Ludovic Jean-Louis, Michel Gagnon, and Eric Charton from Canada, in their turn, address the quality of extraction of keywords from a document. They show how general encyclopedic knowledge extracted from Wikipedia can help in determining the importance and novelty of words and phrases in the text. They also personalize the keyword sets extracted from documents basing on the preferences of a specific user.

The next three papers belong to a very active area of research related with opinion mining, sentiment analysis, and analysis of social networks—topics that recently experiences a boom of interest from business, industry, and governmental bodies.
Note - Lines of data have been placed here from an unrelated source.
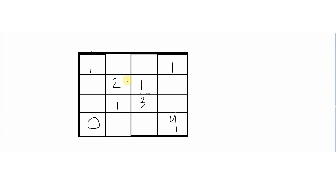Looking at this 2D matrix, the first instinct is that the complexity will be O(n²), but you're wrong. Today we are going to solve this in O(n) complexity. We are going to access it row by row.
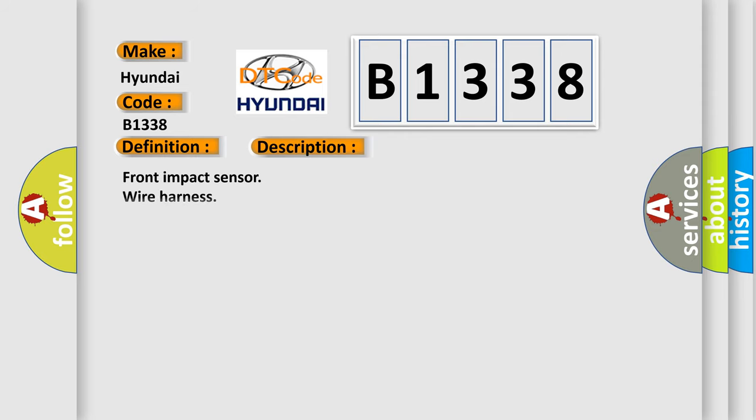And now this is a short description of this DTC code: Front impact sensor wire harness SR-SCM.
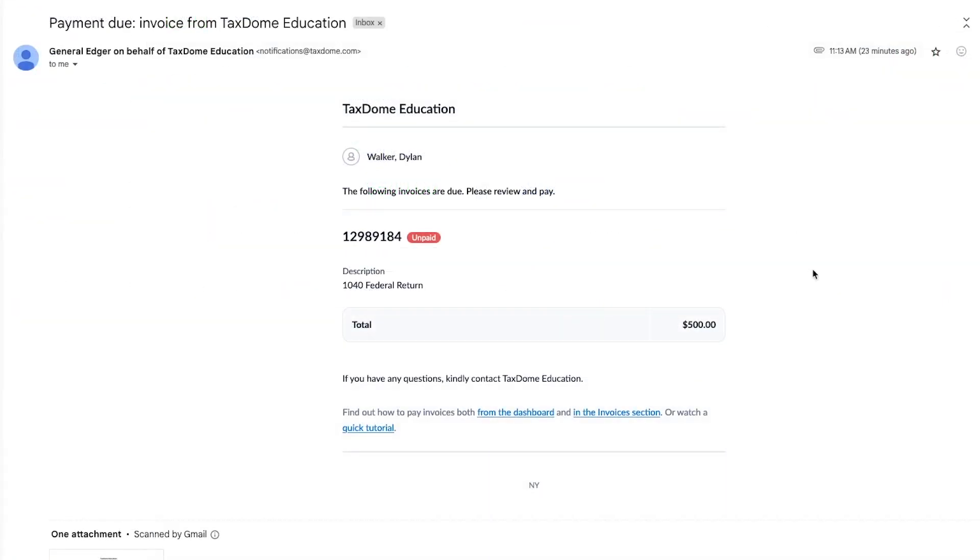The recipients will receive an email with the invoice, allowing them to pay directly without logging into the client portal. That's it for how to remind your clients to pay.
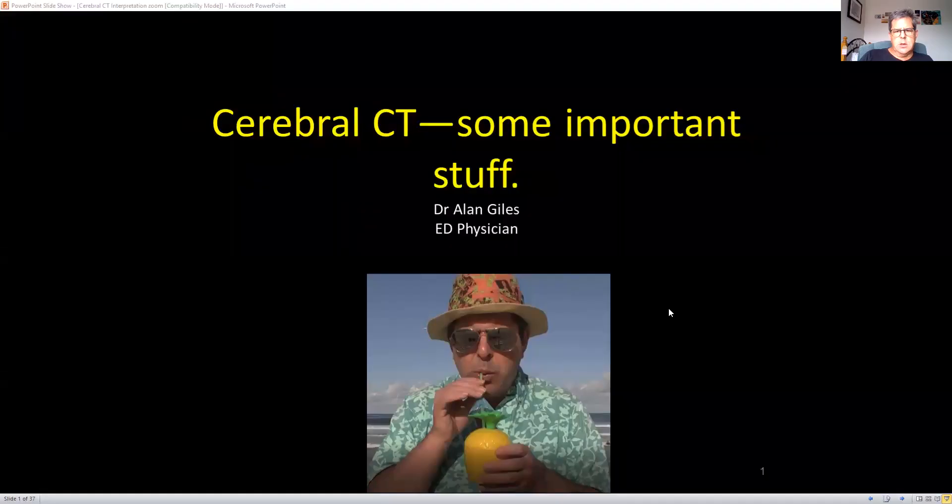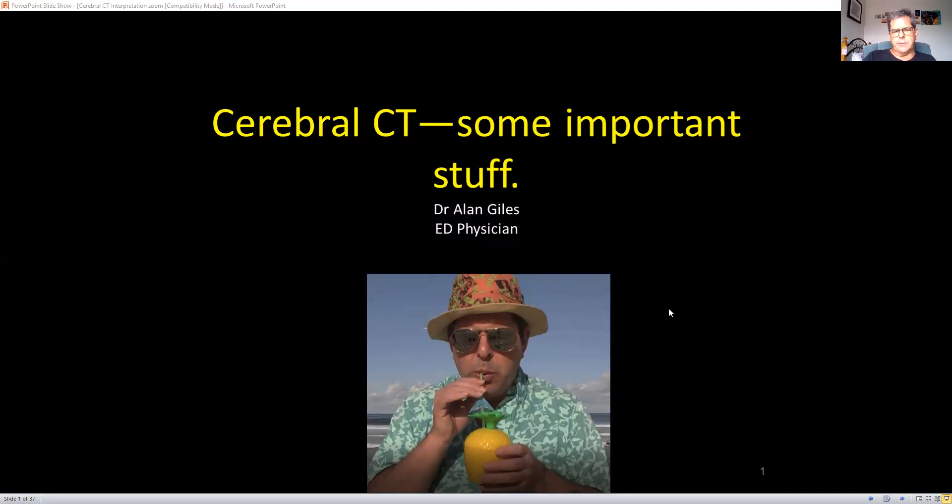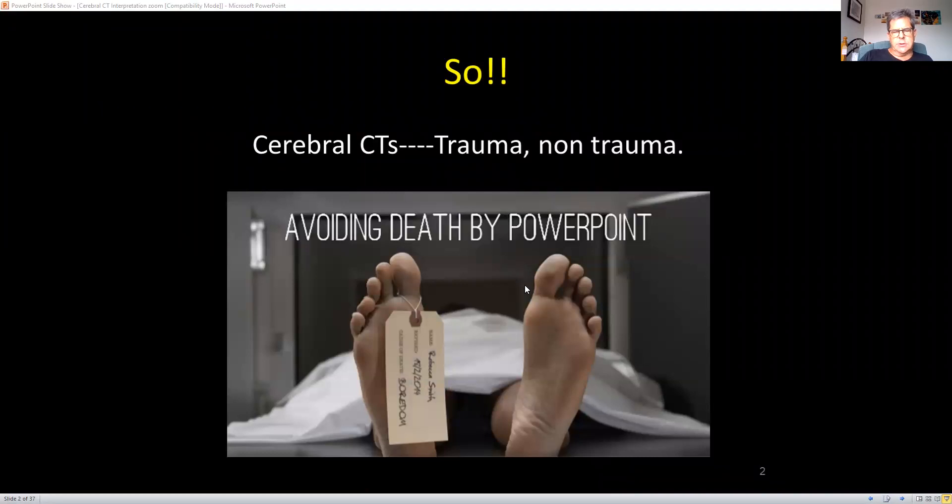Welcome. I thought we might have a look at interpretation of cerebral CT scans — a practical guide for the important scans, both traumatic and non-traumatic, in the emergency department. We'll do this by going through some images on a PowerPoint presentation. We're going to look at only the important stuff.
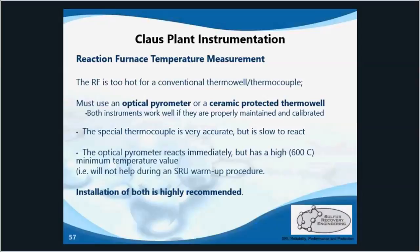The most common optical pyrometer is the E squared T. And like all measurement instruments, it's important that these are regularly calibrated and maintained.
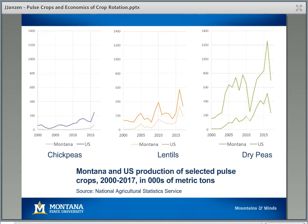Where is that acreage coming from? A significant portion is coming from fallow. Over this period, Montana summer fallow acres dropped by about half — from about 4 million acres to about 2 million. That allowed farmers to adopt more diverse crop rotations that included continuous cropping — that is, growing a crop every year and eliminating fallow entirely. A lot of that acreage was allocated to chickpeas, lentils, and dry peas.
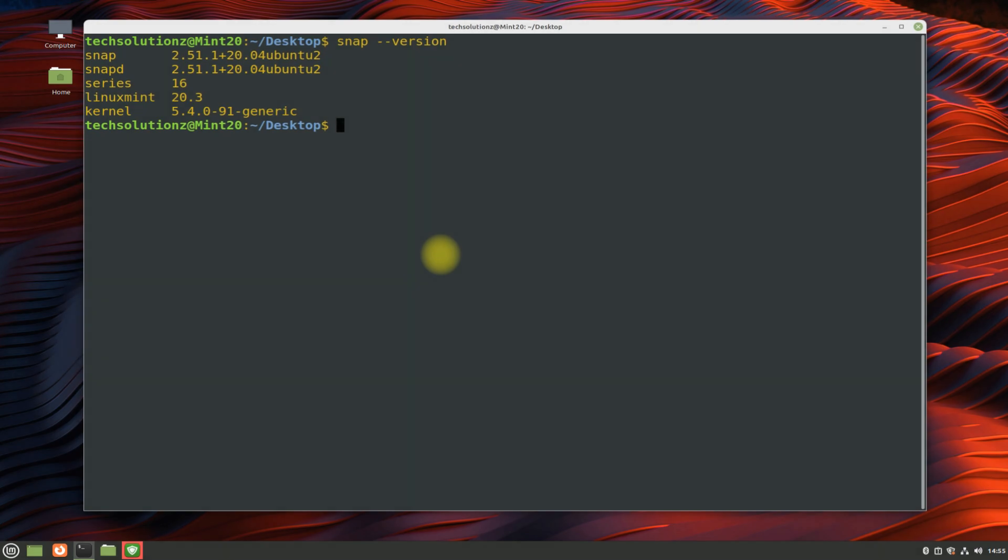Now install snap core using the shown command. This may take a while. It's a required component for Anbox to install and work.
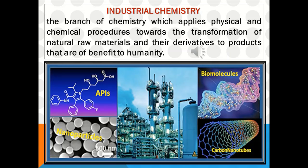Industrial Chemistry is the branch of chemistry which applies physical and chemical procedures towards the transformation of natural raw materials and their derivatives to products that are of benefit to humanity.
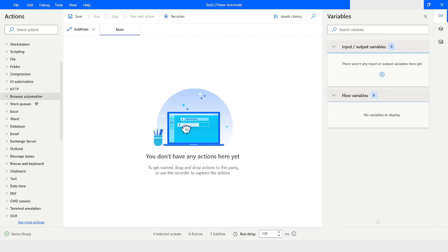Hi guys, welcome to my YouTube channel. In today's video we will learn how to send an attachment using the Send an Email action in Power Automate Desktop. Please watch this video till the end so that you can understand it completely, and if you have not subscribed to my YouTube channel yet, please subscribe.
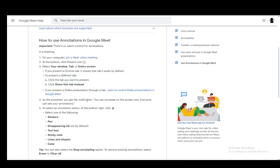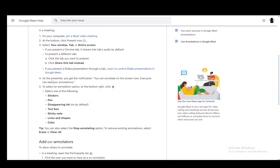And once you share it, you'll get the notification that you can annotate on the screen, and everybody will be able to see them. Then, once you do, at the bottom right, you just click this brush icon, which is in the shape of a lightning bolt, and select either stickers, a pen, disappearing ink, text box, sticky note, lines and shapes, and color.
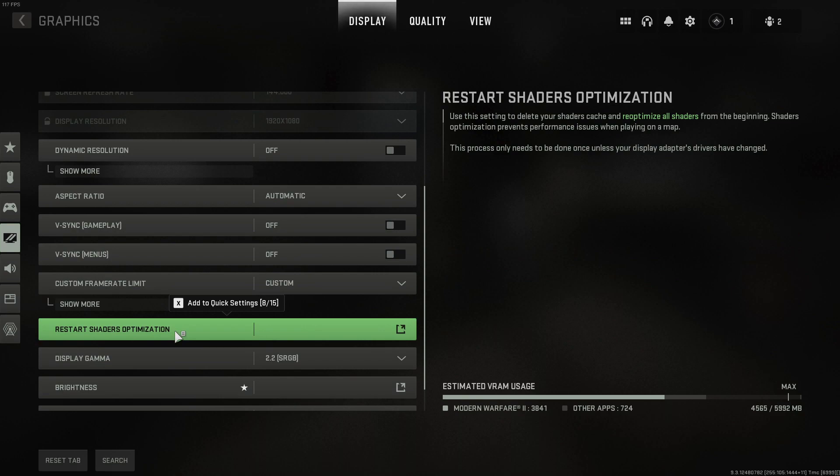So basically what this is going to do is delete all of your shaders cache for Modern Warfare 2 and this can help resolve issues with the graphics being a bit weird or if you're seeing textures messing up and stuff like that within the game.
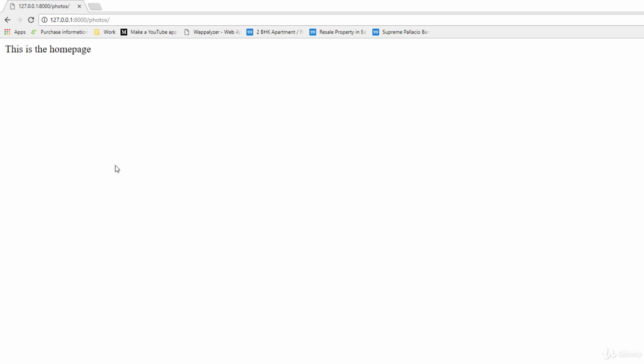Hello and welcome to this lecture. In this lecture we are going to learn how to create another view for our Django website. As you can see right now we only have one view.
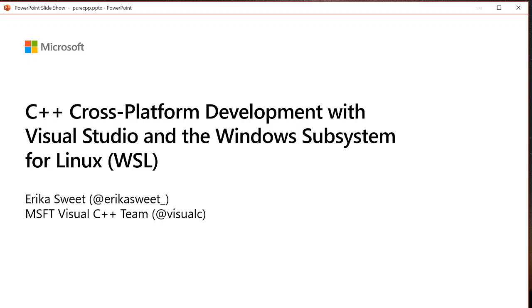Hey everyone, my name is Erica. I work on Microsoft's Visual C++ team and today I'm going to be chatting with you all about C++ cross-platform development with Visual Studio and the Windows subsystem for Linux.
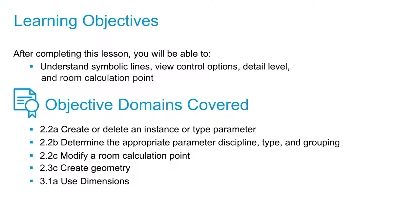In this video, we're going to use symbolic lines to illustrate how the cabinet doors on this piece of casework open. We're also going to explore the options for showing those based upon the detail level of the view.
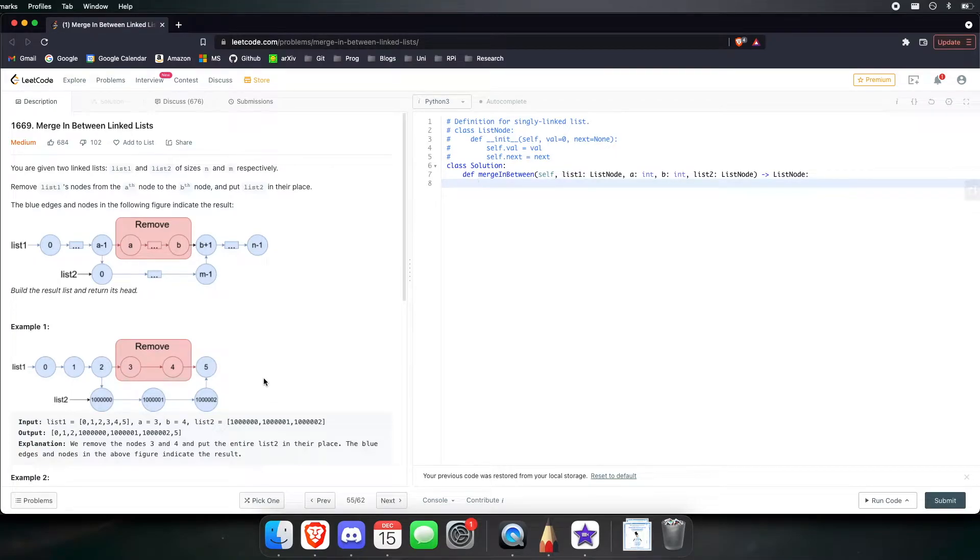Hello guys my name is Lazaro and today we will be doing a LeetCode problem. This problem is called merge in between linked lists.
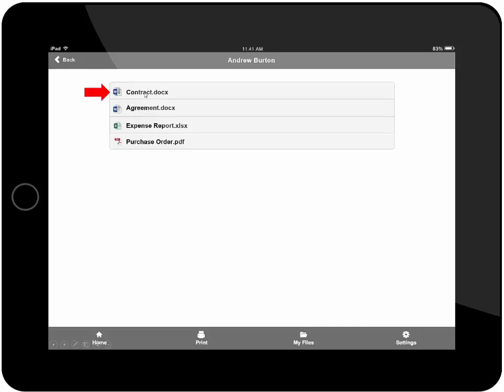I also have the ability to preview this contract on my mobile device to ensure the document has been filed correctly in the correct format.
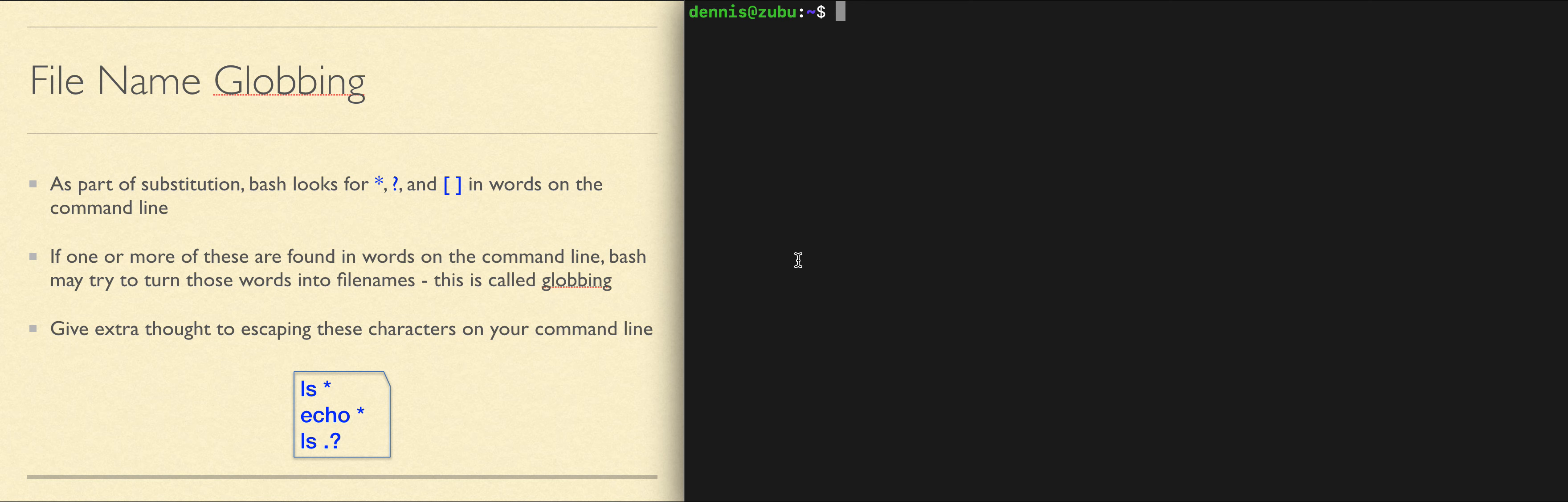File name globbing in Bash means wildcard characters for file names. Bash recognizes three kinds of characters for this. The asterisk or star, which means zero or more characters.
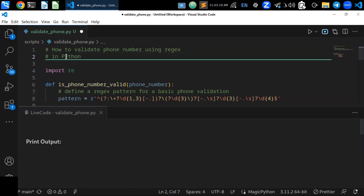In this video, you are going to learn how to write a phone number pattern using regex in Python. Validating phone numbers with regex, or regular expressions, can be tricky because phone number formats can vary widely. You can create a basic regex pattern to match common phone number formats. Here is an example of how to validate phone numbers using regex in Python.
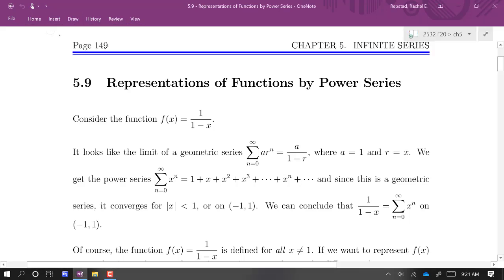In the last section, we were given power series and asked to find the radius or interval of convergence. We know that a power series is essentially a function — like an infinite degree polynomial — whose domain is the set of all values that make the series converge. What we're going to focus on in this section is how we represent certain functions by power series. How do we find the power series ourselves that will represent a given function?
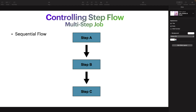Welcome back to our course on Spring Batch and Spring Batch Integration. In this video we are going to talk about controlling step flow — specifically, we are going to create a multi-step job. All jobs we have been creating in our examples contain only one step, so for this tutorial we are going to create a job that contains two steps with sequential execution. The question here may be: why do we need a job with multiple steps?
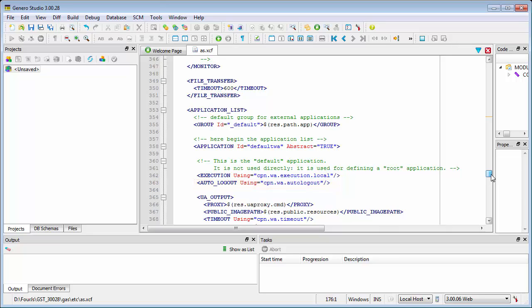It's important to note that Auto Logout monitors user inactivity across all programs in a session, not for individual running programs. For example, if a menu program is launched to load programs A, B, and C, as long as there's activity in any one of these programs, the timeout won't be triggered.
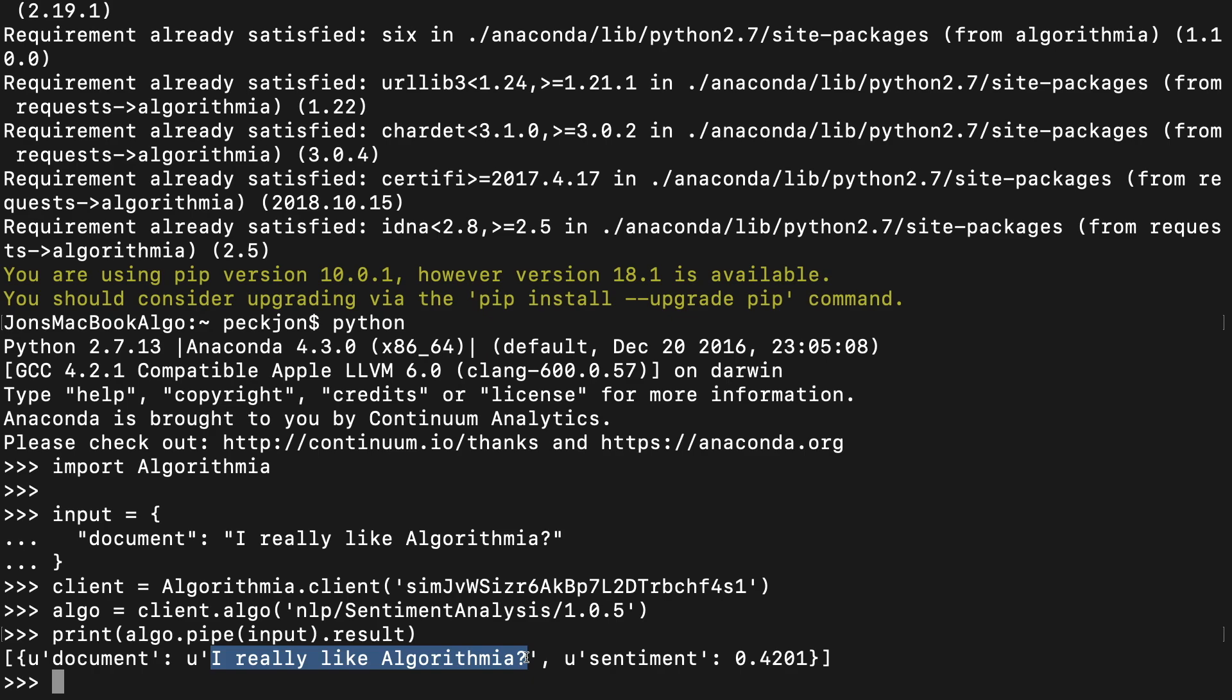Use the same code inside any of your Python scripts to call Algorithmia algorithms remotely.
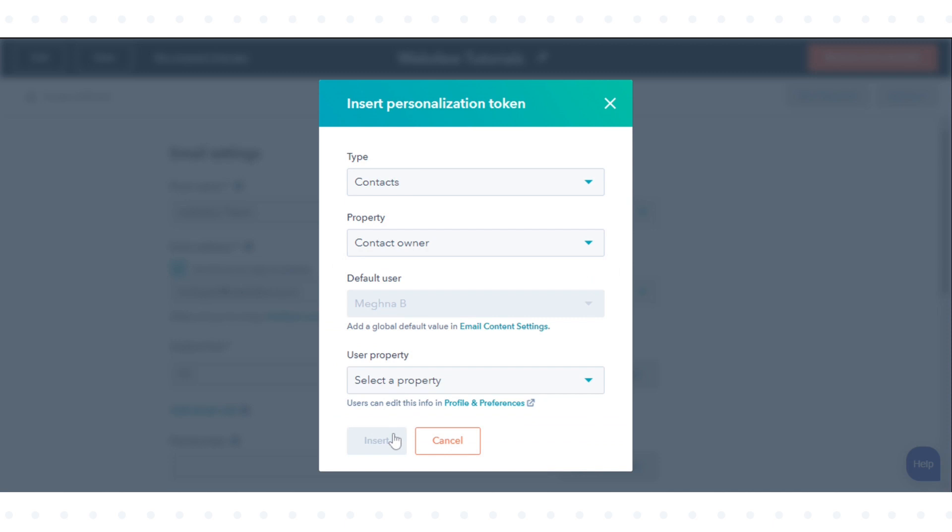The default user is set in your email content settings and will be the value displayed if the contact who receives the email does not have an owner set in HubSpot.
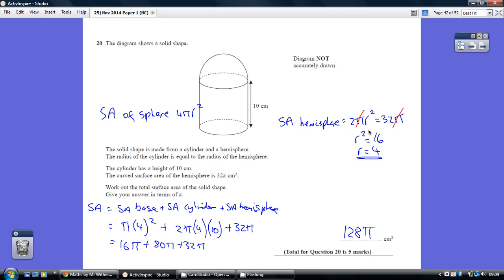Surface area is basically covering the whole shape with wrapping paper. We've got three bits: we've got the base, we've got the cylindrical middle bit, and we've got the hemisphere at the top — the half a football.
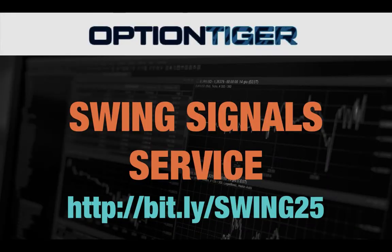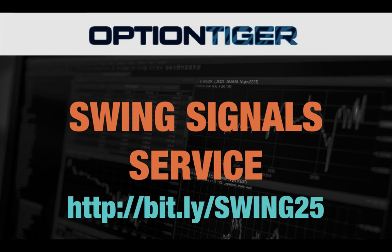Thanks. To sign up for the Swing Signal service, please go to this bit.ly link: bit.ly/swing25, and you can get a 25% discount on the price there. Again, the bit.ly link is bit.ly/swing25.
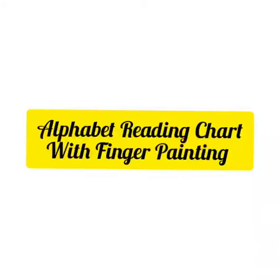Hello kids! Today we will do finger painting and by this we will revise all the letters which we have done earlier.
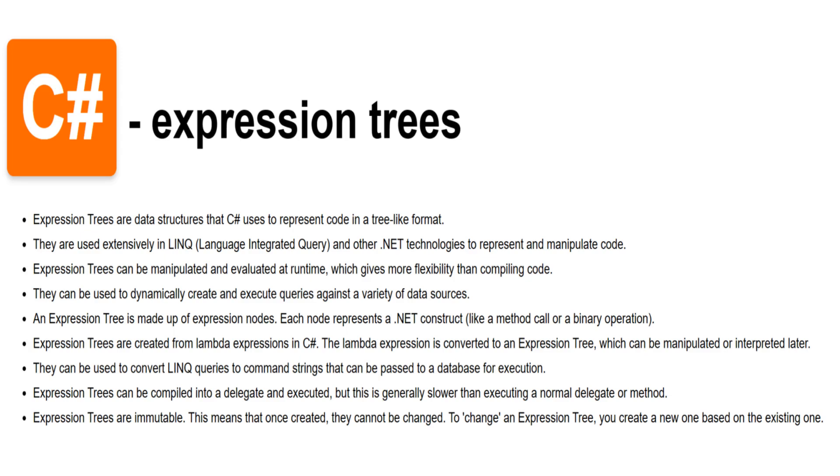Expression trees in C# are an important concept primarily used in the creation and manipulation of LINQ queries. They represent code in a tree-like data structure where each node is an expression, for example a method call or a binary operation like addition.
Numerous applications of such research help companies understand the customers' opinions about their products, help users to make well-informed buying decisions, and help governmental bodies and political parties realize the effect of their actions and public opinion about their programs and candidates, which leads to better income businesses, better quality of life for consumers, and better democracy for citizens.

Narendra K. Gupta from the USA presents a method for extracting from Twitter messages phrases that describe problems with products or services. Using this information a company can improve the quality of its products and services by addressing the problems people note and mention in Twitter messages. Gupta shows that for this task simple statistical machine learning methods outperform expensive approaches based on manually crafted rules.

Ali Balali, Hesham Faili, Masoud Asadpour and Mostafa Dehghani from Iran address the problem or re-constructing the thread structure in sets of user-contributed comments on company's webpages or in blogs: which messages were independent and started discussions, and which messages were replies or reactions on which other messages. This information is usually not available from the website, or is even not known to the hosting site: the users just add comments, in which they argue with, or reply to, previous posts without explicitly specifying this. However, knowing this structure is crucial for understanding the meaning of the conversation. Once more Balali et al. show that statistical machine learning methods perform well for the task.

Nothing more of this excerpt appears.